▶ What you need to do
Output, word for word, the line that contains "What Our Favorite" and all lines following it to the end of the listing. Drop the pictures.

▶ Data excerpt

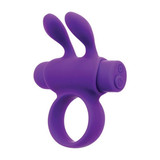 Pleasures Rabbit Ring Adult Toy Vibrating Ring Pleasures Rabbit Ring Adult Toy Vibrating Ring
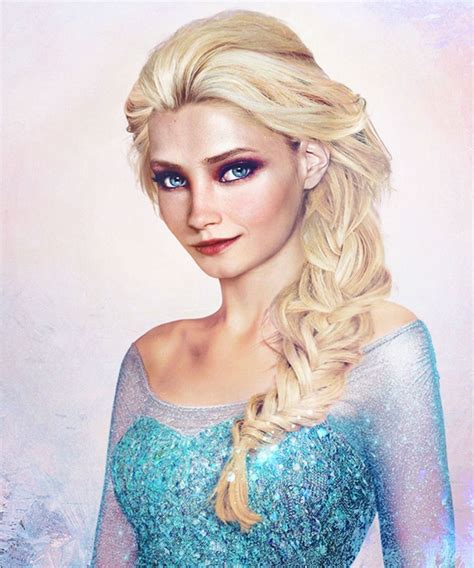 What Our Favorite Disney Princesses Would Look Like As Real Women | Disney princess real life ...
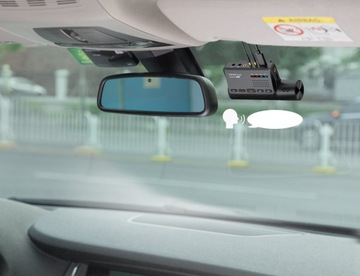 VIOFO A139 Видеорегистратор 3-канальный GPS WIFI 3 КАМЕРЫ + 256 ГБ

▶ Task output
 What Our Favorite Disney Princesses Would Look Like As Real Women | Disney princess real life ...
 VIOFO A139 Видеорегистратор 3-канальный GPS WIFI 3 КАМЕРЫ + 256 ГБ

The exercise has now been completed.